Simon Says, 'Out!'
Once upon a time, there lived an old and powerful king. Richard was as irascible as he was clever and brave. He greatly enlarged his kingdom over decades of rule, growing rich and envied across the land. But he was unloved by his people, for Richard was a tyrant. One day a new king came from the North, richer and even more powerful. People liked him. They tittled and tattled about Richard, complained of his arrogance and overbearing ways, hinted even that he disdained the new king and his men. The new king, Sumner, had no truck with this. ""Off with his head,'' he ordered. Willy-nilly, Richard's head was in a basket.
That parable played out last week in New York's publishing world. For more than two decades, Richard Snyder had ruled venerable Simon & Schuster with a brilliant -- and brutal -- iron hand.

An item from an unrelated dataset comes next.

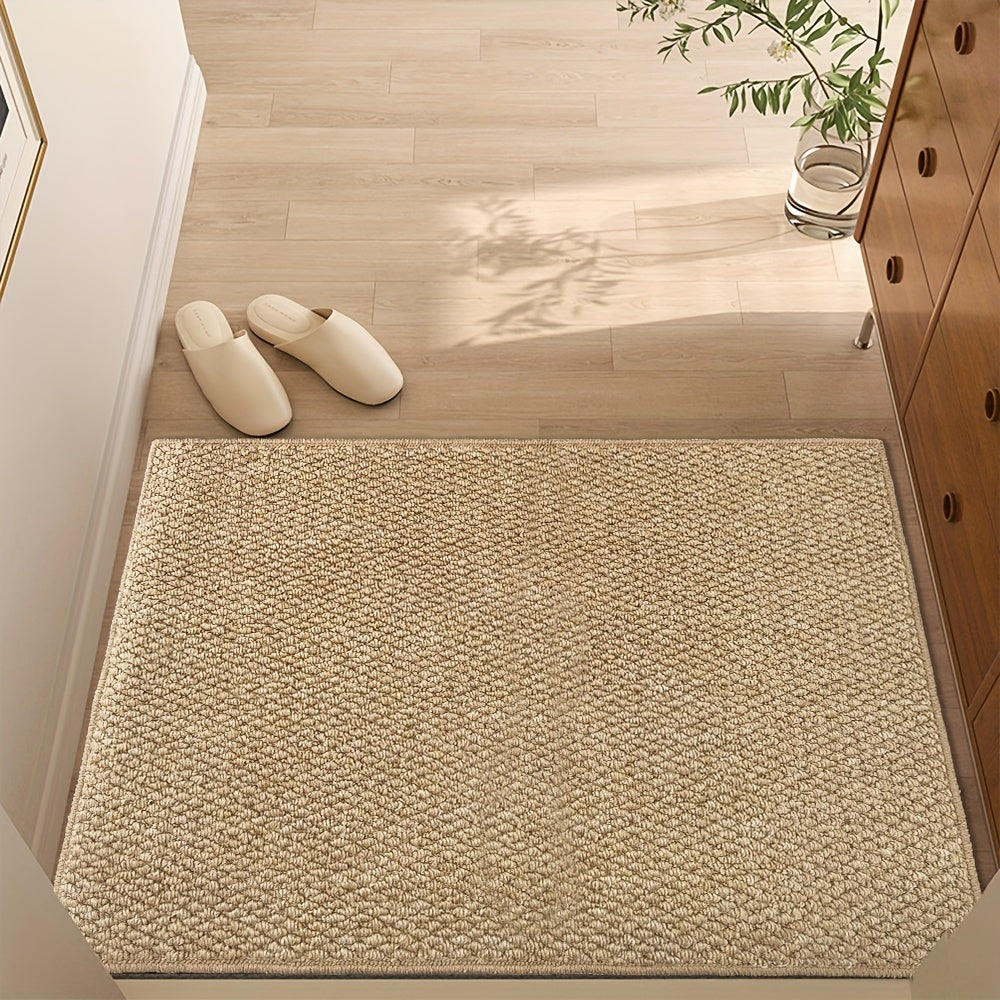 Door Mat Beige Washable Non Slip Rug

He was a titan of the industry, coupling hardheaded business sense with inspired, often swashbuckling, literary judgment. When he took command in 1979, Simon & Schuster was struggling anemically as a $40 million-a-year book publisher. By last year revenues had exceeded $2 billion, buoyed by everything from academic texts and reference books to the latest best sellers as diverse as Howard Stern's ""Private Parts'' and Clive Cussler's ""Inca Gold.'' Yet that commercial success was not enough for Sumner Redstone, the billionaire entertainment magnate who owns Viacom Inc. -- an empire of movie theaters, the MTV and Nickelodeon cable networks and the New York Knicks and Rangers sports teams. Redstone acquired Simon & Schuster earlier this year in a bruising takeover battle for its parent, Paramount Communications. Now he wanted someone more benevolent to rule the publishing house, someone younger and perhaps a bit less independent. ""Snyder just wasn't going to work,'' says one insider. So last week Richard was summoned before Viacom's chief executive, Frank Biondi. He walked in -- and almost as quickly walked out, no longer a king.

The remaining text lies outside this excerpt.